Business Tech

Taiwan may ban popular Chinese streaming services iQiyi and Tencent’s WeTV

Taiwan - Appy Pie

Taiwan may ban iQiyi and Tencent’s WeTV, two of China’s most popular streaming services next month.

The decision came as the government prepares to address regulatory loopholes that enable them to operate through local partnerships makes.

However, iQiyi and WeTV will still be accessible if subscribers are willing to, use cross-border payment services to pay for subscriptions in China and deal with slower connections.

The services iQiyi and WeTV violate the Act Governing Relations between the people of the Taiwan Area and the Mainland Area, which insists Chinese companies, can only invest in certain categories of goods and services, according to the notice.

The Ministry of Economic Affairs Taiwan said in its announcement that iQiyi and Tencent’s WeTV started operations in the country through illegal partnerships, working through their Hong Kong subsidiaries to strike pacts with the companies in Taiwan.

In an announcement this week, Taiwan’s Ministry of Economic Affairs said that the Taiwan companies and individuals will be prohibited from providing services for OTT companies based in China.

In April, the National Communications Commission (NCC) Taiwan announced that mainland Chinese OTT companies were not allowed to operate in Taiwan under the Act governing relations between the Taiwan region and the people of the Mainland region. Cabinet spokesman Kolas Yotaka said at the time, “The Chinese firm and his Taiwanese partner were working on the edges of the law.”

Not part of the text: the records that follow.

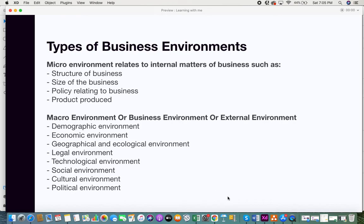So these are all the different external or macro environments of a business. It was really interesting to understand what the different factors are that can impact a business, and based on these different environmental aspects, how your business can find opportunities and how a business is supposed to operate. I hope you liked this video. If you found it helpful and useful, please give it a thumbs up, subscribe to this channel, and share your feedback. Thank you.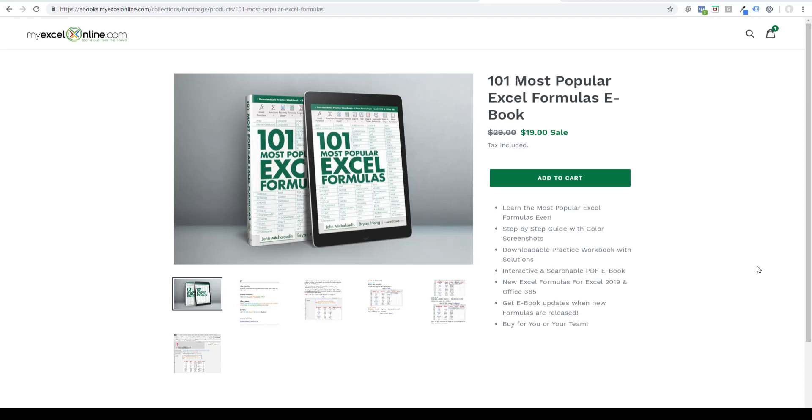G'day, it's John McAlunas here from MyExcel Online, and we have a special announcement today. We've just launched our first ebook. It is called The 101 Most Popular Excel Formulas, and it's been months in the making, and it is now live for you to grab.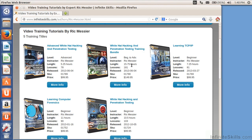I've been a security professional and information technology professional for about 30 years, doing a variety of things over that time span. I am an educator — I currently teach at Brandeis University as well as Champlain College. And you can see here I've got several training titles already in place with Infinite Skills.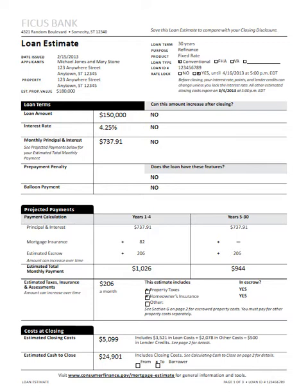Can the amount increase after closing in regards to the amount of the loan, the interest rate, the principal and interest, as well as does the loan even contain features such as the prepayment penalty or balloon payment. You'll see projected payments for years one through four with a principal and interest, mortgage insurance, and estimated escrow breakout, as well as your total monthly payment.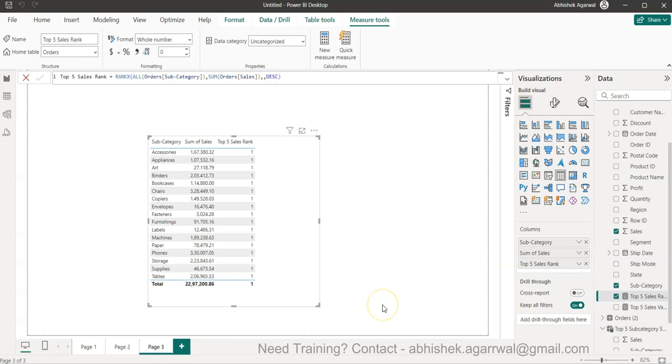Hello and welcome to the new Power BI tutorial video. In this video I want to show you per the topic, why the RANKX is not returning the output.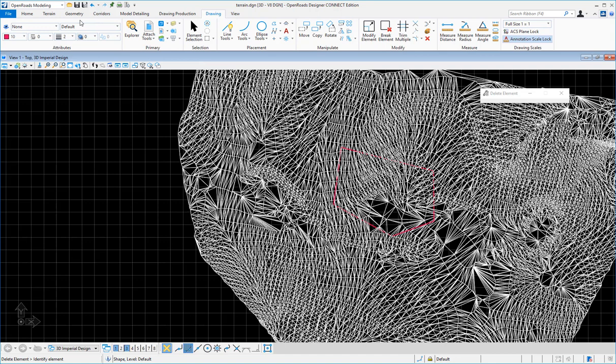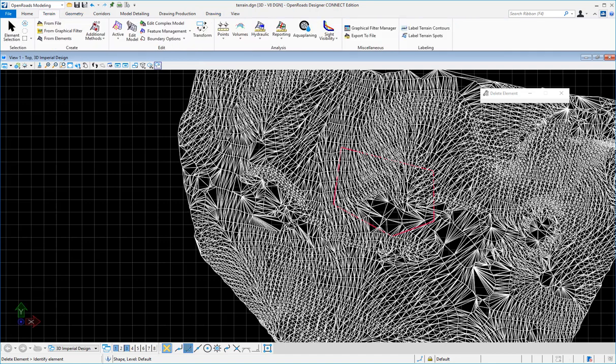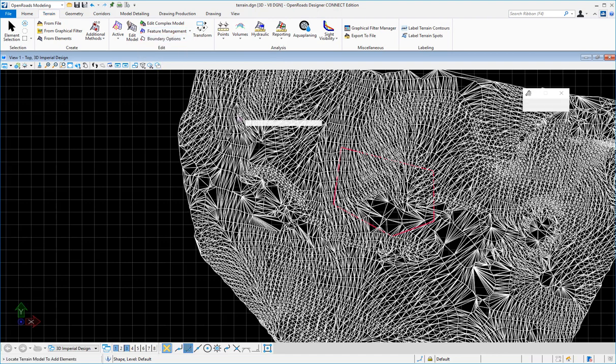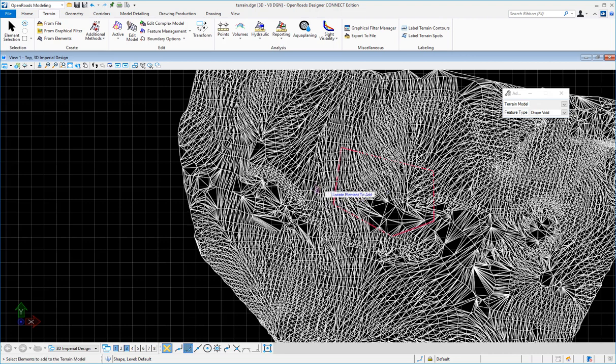So I will switch to my terrain tools and under feature management I'm going to say add features. I'm going to follow the prompts to locate the terrain. I'll select any portion of that terrain and now it's asking me for the elements.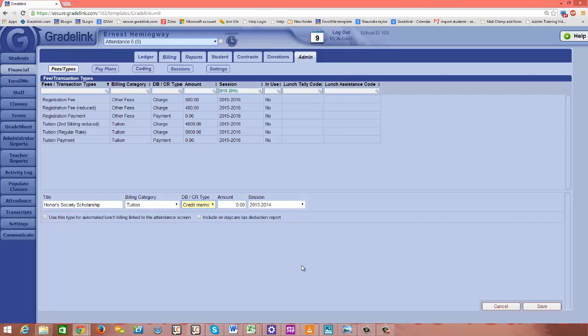So it's a similar concept to a payment, but a payment is more when money is received from the student or the parent. But a credit memo is money being credited to the student's account for some other reason, and so a scholarship is a classic example of a credit memo.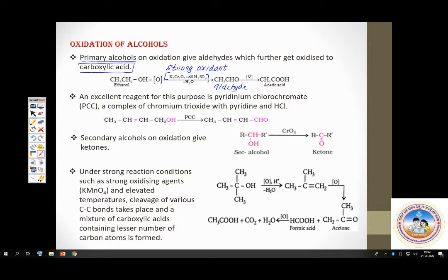Using a very special reagent, you can stop the oxidation of a primary alcohol at the aldehyde stage without getting further oxidized to carboxylic acid. That reagent is PCC — pyridinium chlorochromate. This is very important and can be asked in the entrance exam. If you use PCC, you can stop the oxidation at the aldehyde stage.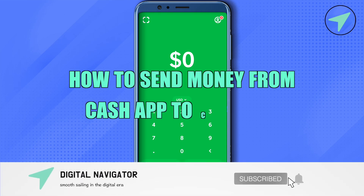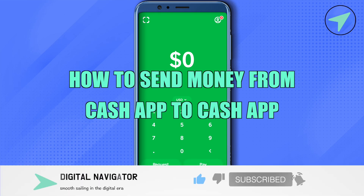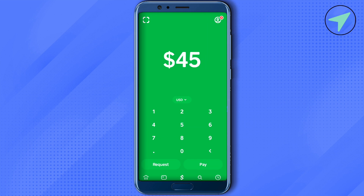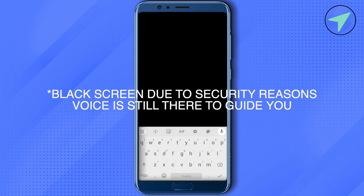How to send money from Cash App to Cash App. Hello everyone, welcome to our channel. To do it, simply open up your Cash App, type the amount that you want to send, and click on the option of Pay.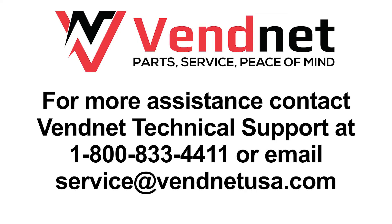For more information, contact VendNet Technical Support at 1-800-833-4411 or email service@vendnetusa.com.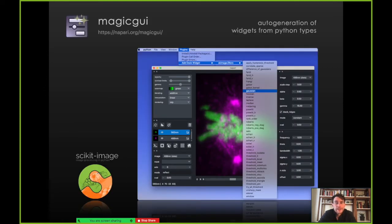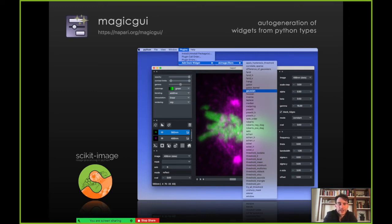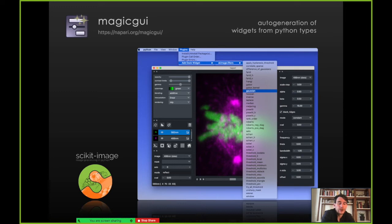We also have MagicGUI, a tool that does auto-generation of widgets from Python types, really spearheaded by Tali Lambert and the community. In this example, we're passing a scikit-image function through MagicGUI and auto-generating a widget that allows you to control some of the parameters of that function. This is really useful if you're developing a plugin but don't want to do a lot of custom GUI coding — you can leverage MagicGUI to auto-generate a widget from your functions.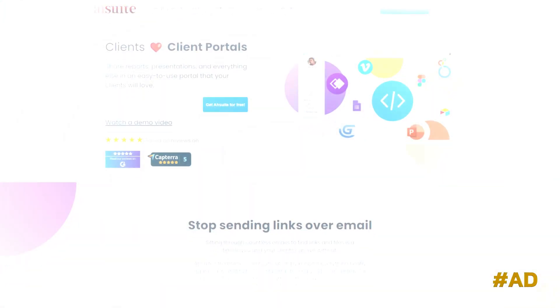In this R Suite review, I'm going to be showing you everything you need to know about this all-in-one, white-label portal tool for your clients.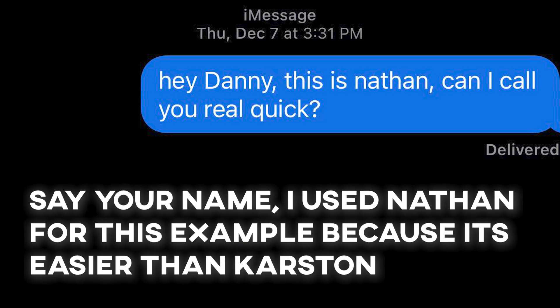Then I go through my list of numbers and the first thing I do is send a text. The text is: 'Hey [first name], this is Nathan. Can I call you real quick?' And then I call them from my phone.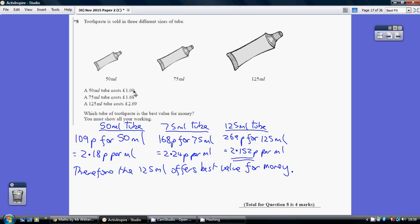So start off by writing out the question again, money first. Now it's easier to work in pennies than it is in pounds on these, otherwise the numbers start getting very small.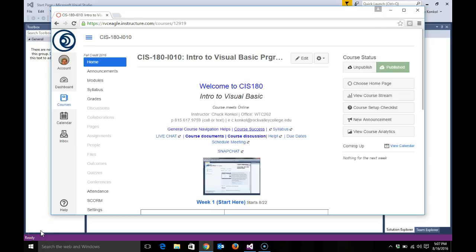Welcome. This is Professor Chuck Congle. This is CIS 180, Fall 2016. I want to quickly go over introduction to getting around the course and getting started.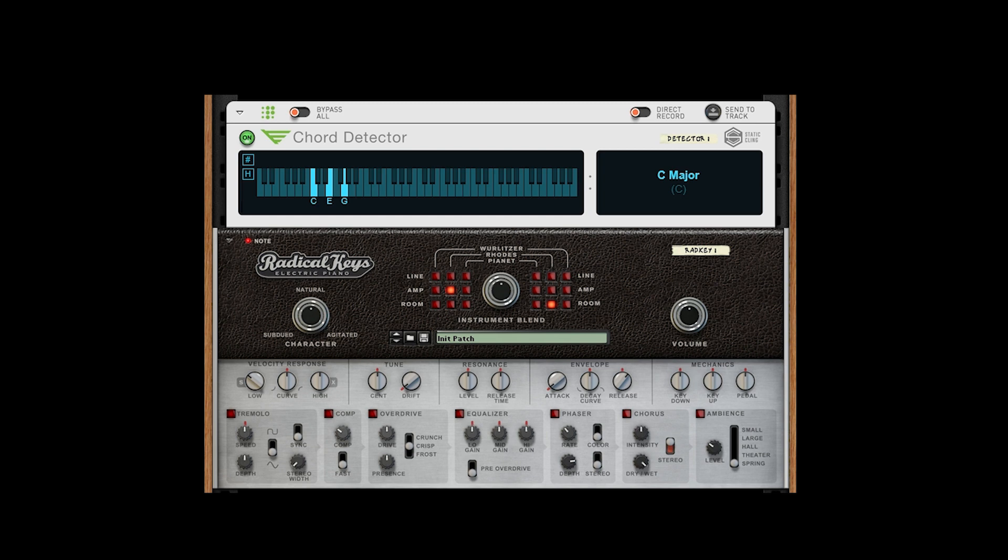As you may have noticed, Chord Detector also features a 6-octave piano roll that shows the current MIDI input. This can be used to help write melodies to chord progressions or to gain a greater understanding of how chords are constructed.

But NCC spokesperson Wong Po-Tsung said the proposed regulation isn’t solely targeted at Chinese OTT operators. He said, “The act was necessary because the cable television service operators have asked that the commission apply across-the-board standards to regulate all audiovisual service platforms, which should include OTT services. It was not restricted just to address the problems caused by iQiyi and other Chinese OTT operators.”

Wong added that Taiwan is a democratic country and its government will not block people from watching content material from iQiyi and other Chinese streaming services.

Companies in Taiwan if found breaking the act after it has been passed will face fines of about USD 1,700 to USD 170,000.

An iQiyi representative said that the company was fully committed to protecting the rights and interests of its users.

Chinese companies have been facing global criticism over national security and data privacy. The world is adopting a tough stance against China with the US and India banning many Chinese apps in recent weeks, including TikTok.